MATERIAL FOR THIS EXERCISE
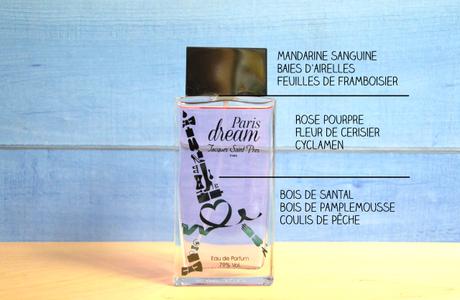 Pyramide olfactive - Paris Dream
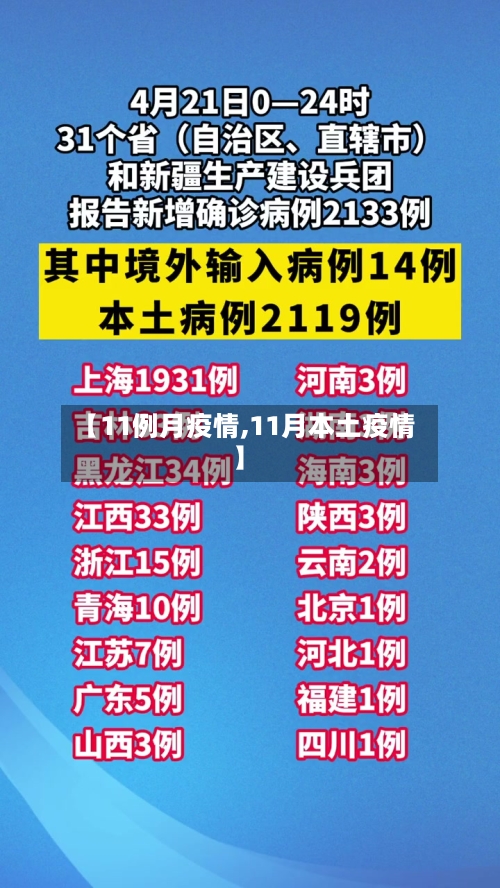 【11例月疫情,11月本土疫情】-第2张图片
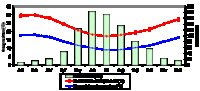 Climate Graphs practice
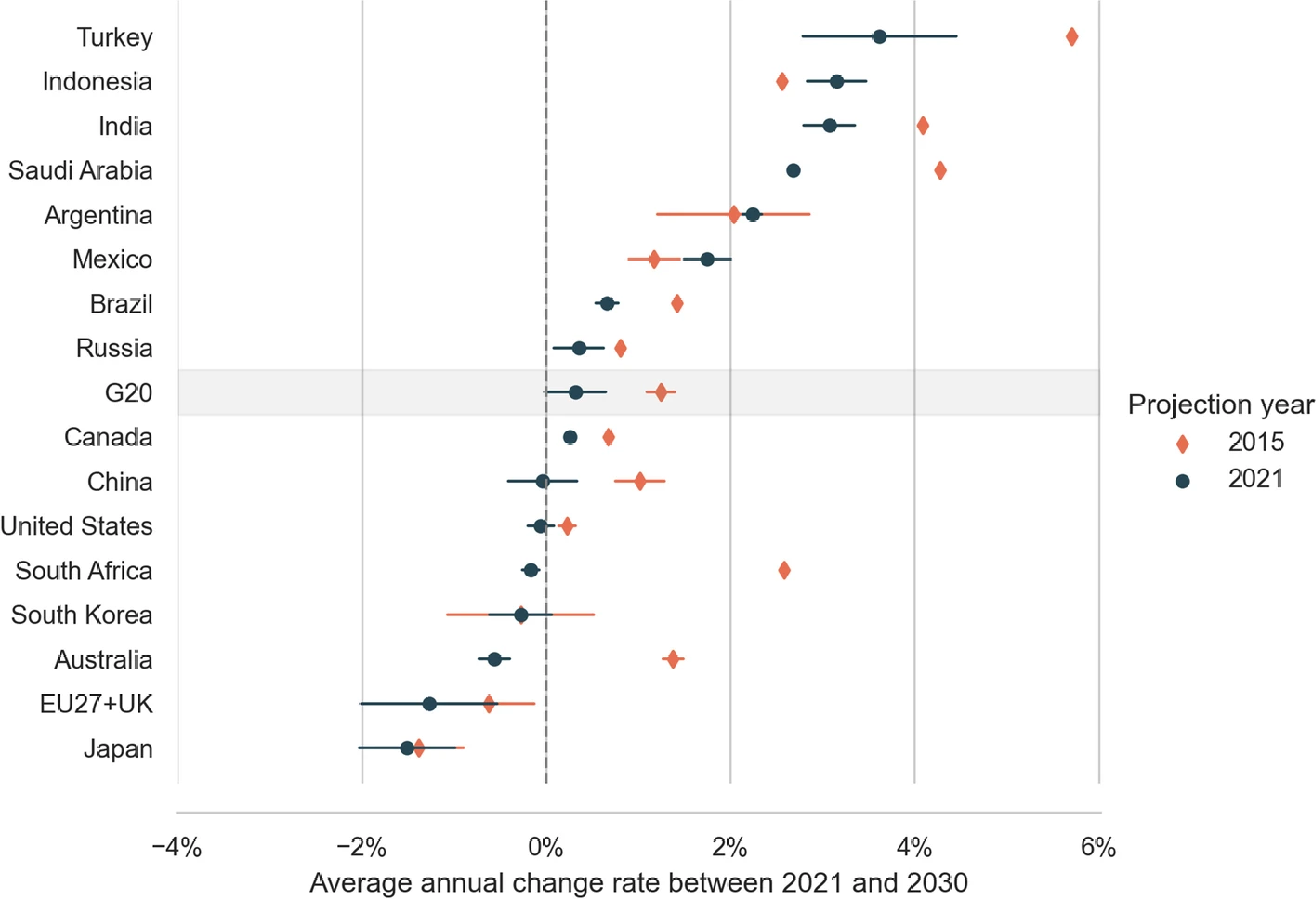 G20 GHG emissions per sector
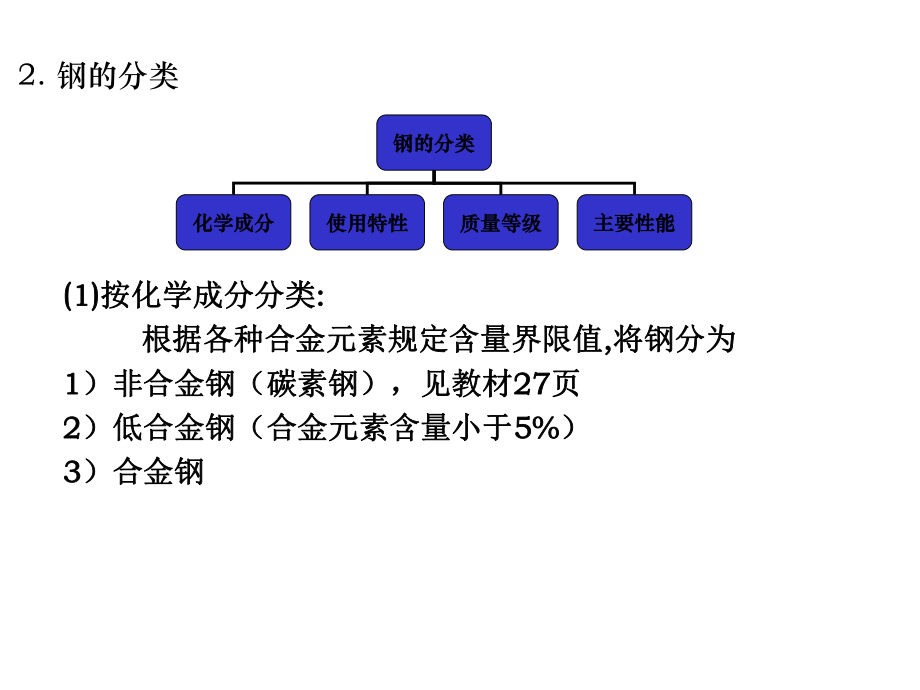 常用金属材料课件.ppt_第3页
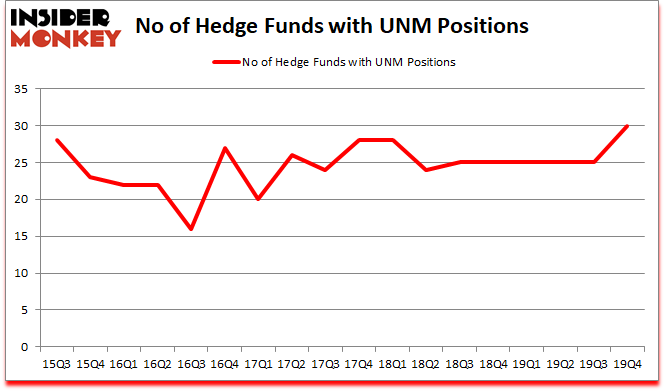 Is UNM A Good Stock To Buy?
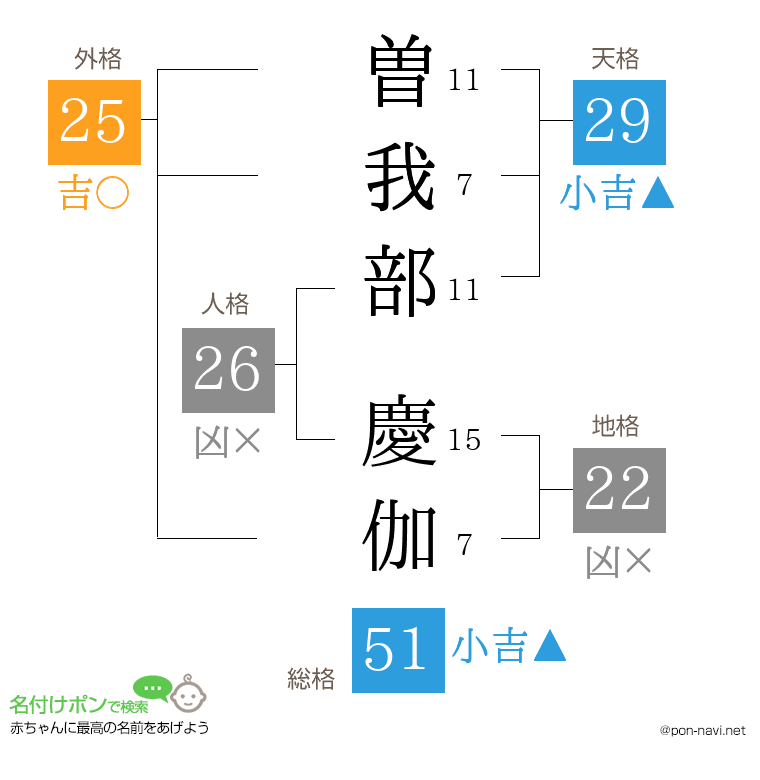 曽我部 慶伽さんの姓名判断結果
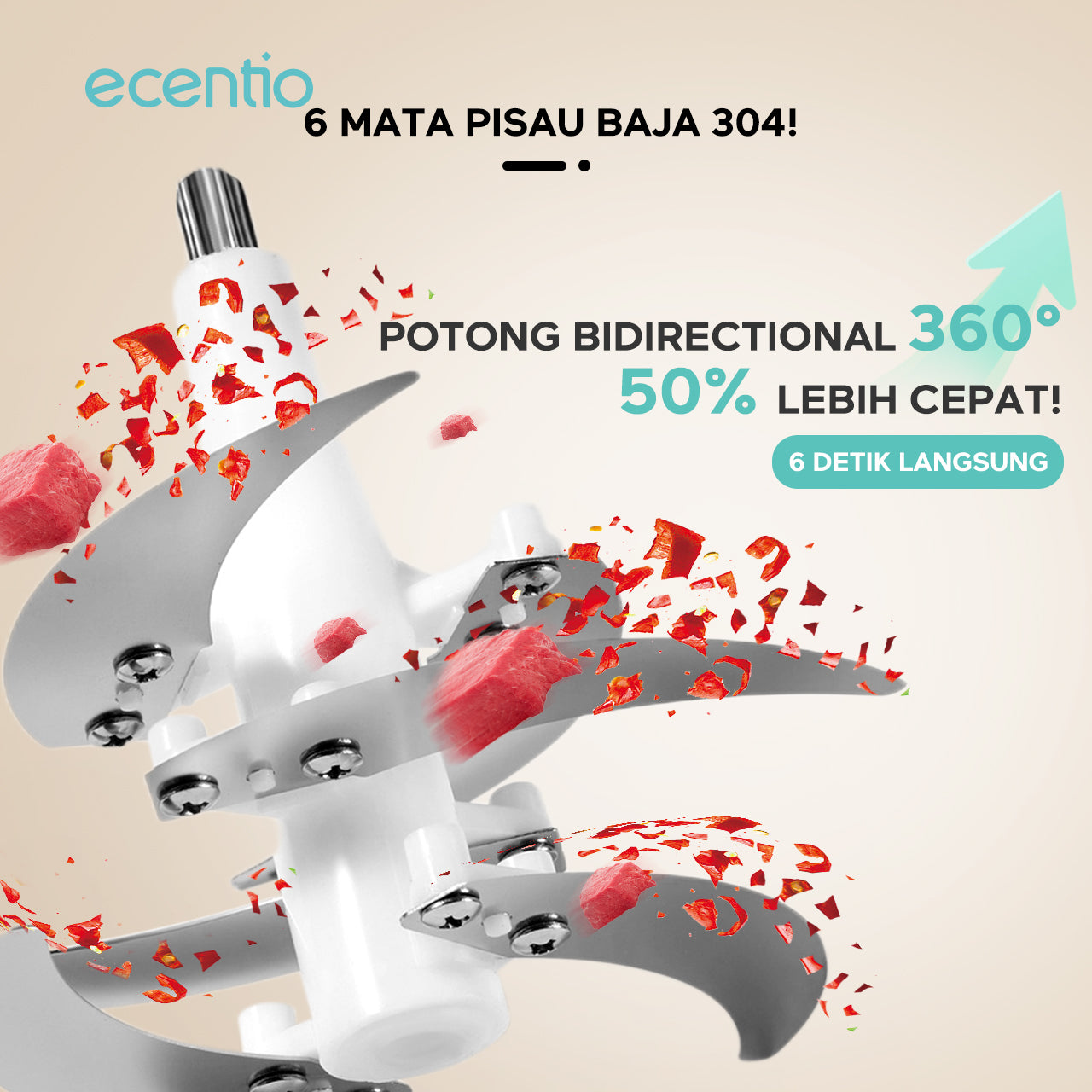 【ecentio Super Chopper Series】Blender Daging 250W 6 Pisau 304 Kapasitas 2L Anti Bocor — Giling Daging, Bumbu, Es, Sayur & Buah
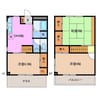 サンハイツⅢ 3DKの間取り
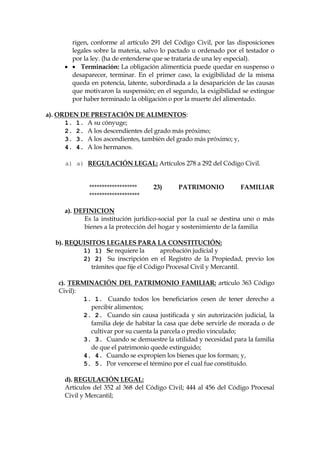 rigen, conforme al artículo 291 del Código Civil, por las disposiciones
legales sobre la materia, salvo lo pactado u ordenado por el testador o
por la ley. (ha de entenderse que se trataría de una ley especial).
  Terminación: La obligación alimenticia puede quedar en suspenso o
desaparecer, terminar. En el primer caso, la exigibilidad de la misma
queda en potencia, latente, subordinada a la desaparición de las causas
que motivaron la suspensión; en el segundo, la exigibilidad se extingue
por haber terminado la obligación o por la muerte del alimentado.
a). ORDEN DE PRESTACIÓN DE ALIMENTOS:
1. 1. A su cónyuge;
2. 2. A los descendientes del grado más próximo;
3. 3. A los ascendientes, también del grado más próximo; y,
4. 4. A los hermanos.
a) a) REGULACIÓN LEGAL: Artículos 278 a 292 del Código Civil.
******************* 23) PATRIMONIO FAMILIAR
********************
a). DEFINICION
Es la institución jurídico-social por la cual se destina uno o más
bienes a la protección del hogar y sostenimiento de la familia
b). REQUISITOS LEGALES PARA LA CONSTITUCIÓN:
1) 1) Se requiere la aprobación judicial y
2) 2) Su inscripción en el Registro de la Propiedad, previo los
trámites que fije el Código Procesal Civil y Mercantil.
c). TERMINACIÓN DEL PATRIMONIO FAMILIAR: artículo 363 Código
Civil):
1. 1. Cuando todos los beneficiarios cesen de tener derecho a
percibir alimentos;
2. 2. Cuando sin causa justificada y sin autorización judicial, la
familia deje de habitar la casa que debe servirle de morada o de
cultivar por su cuenta la parcela o predio vinculado;
3. 3. Cuando se demuestre la utilidad y necesidad para la familia
de que el patrimonio quede extinguido;
4. 4. Cuando se expropien los bienes que los forman; y,
5. 5. Por vencerse el término por el cual fue constituido.
d). REGULACIÓN LEGAL:
Artículos del 352 al 368 del Código Civil; 444 al 456 del Código Procesal
Civil y Mercantil;
 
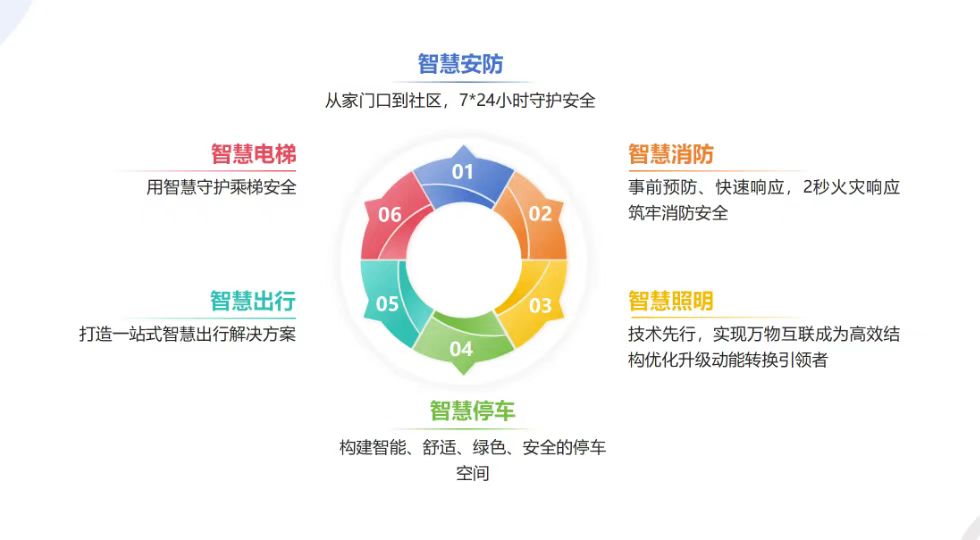 �ǻ������ĳ�������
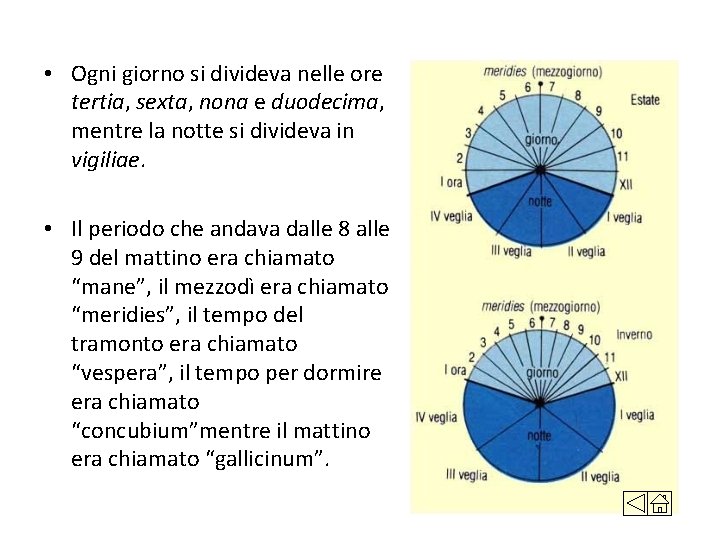  • Ogni giorno si divideva nelle ore tertia, sexta, nona e duodecima, mentre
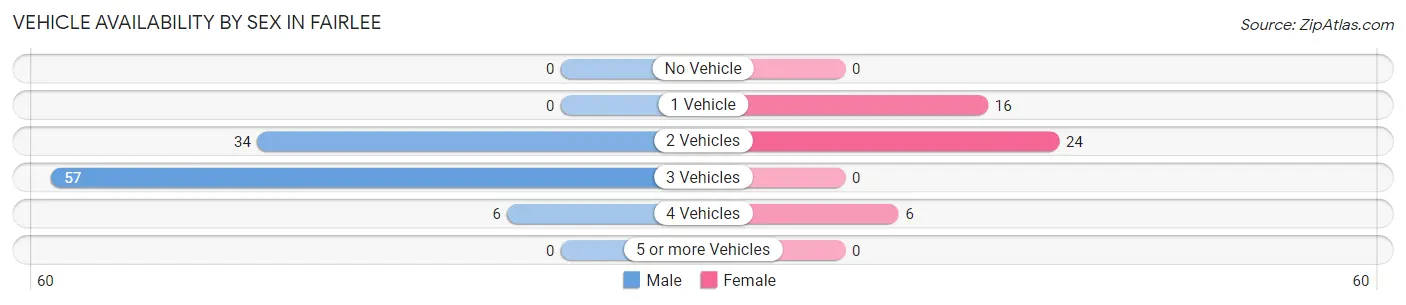 Vehicle Availability by Sex in Fairlee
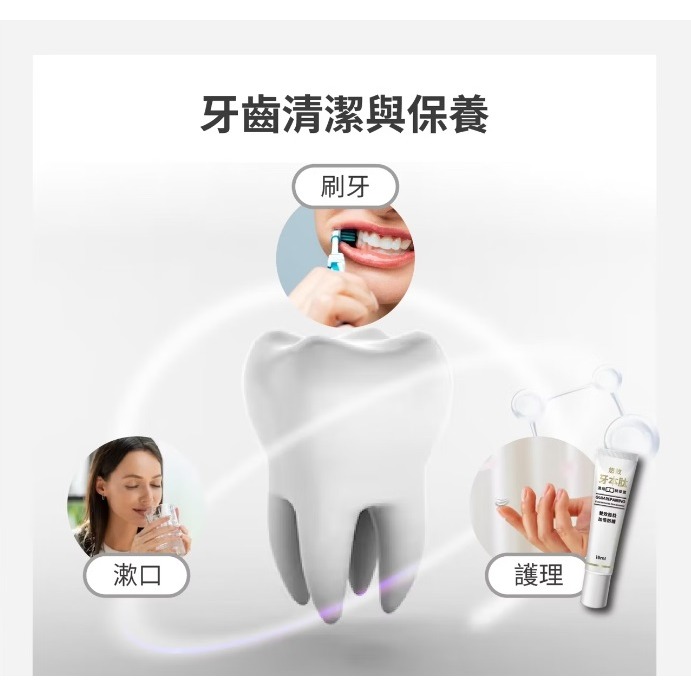 悠效 牙本肽濃縮護齦精華露 （15ml/支X4支入/盒 ) (牙齦護理/保養/強化)-細節圖7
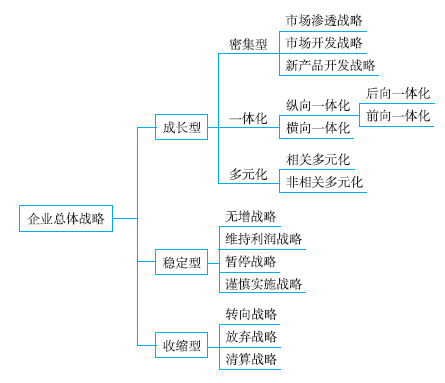 總體戰(zhàn)略的具體類型_2021年《高級會計實務(wù)》高頻考點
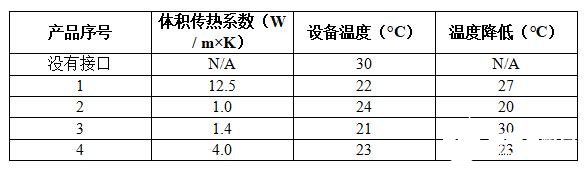 提高LED的效率和使用壽命 選擇散熱材料和應用方法至關重要  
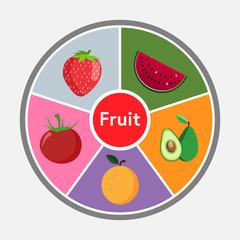Healthy fruit in a circle consists of Orange ,Strawberry, Tomato, Watermelon and Avocado.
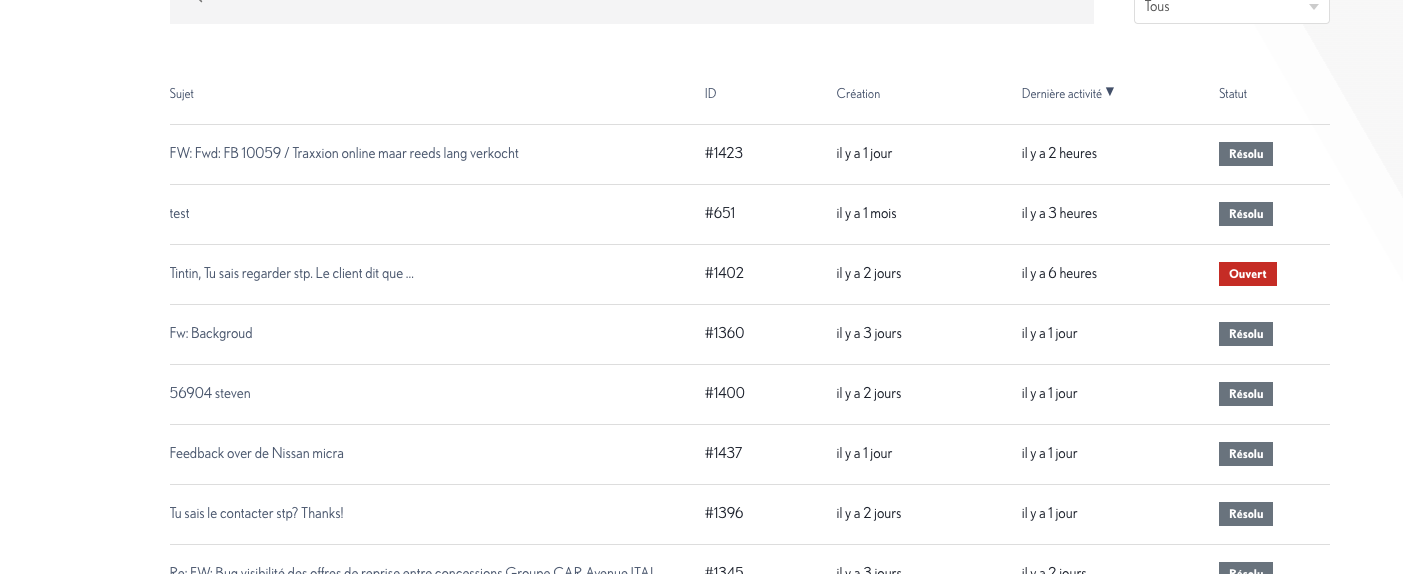 How to see my ticket history Fastback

WORK REQUIRED
Which lines run from the one containing "e duodecima, mentre" to the end of the data above? Set down those lines exactly, and only those, without any pictures.

TASK RESPONSE
  • Ogni giorno si divideva nelle ore tertia, sexta, nona e duodecima, mentre
 Vehicle Availability by Sex in Fairlee
 悠效 牙本肽濃縮護齦精華露 （15ml/支X4支入/盒 ) (牙齦護理/保養/強化)-細節圖7
 總體戰(zhàn)略的具體類型_2021年《高級會計實務(wù)》高頻考點
 提高LED的效率和使用壽命 選擇散熱材料和應用方法至關重要  
Healthy fruit in a circle consists of Orange ,Strawberry, Tomato, Watermelon and Avocado.
 How to see my ticket history Fastback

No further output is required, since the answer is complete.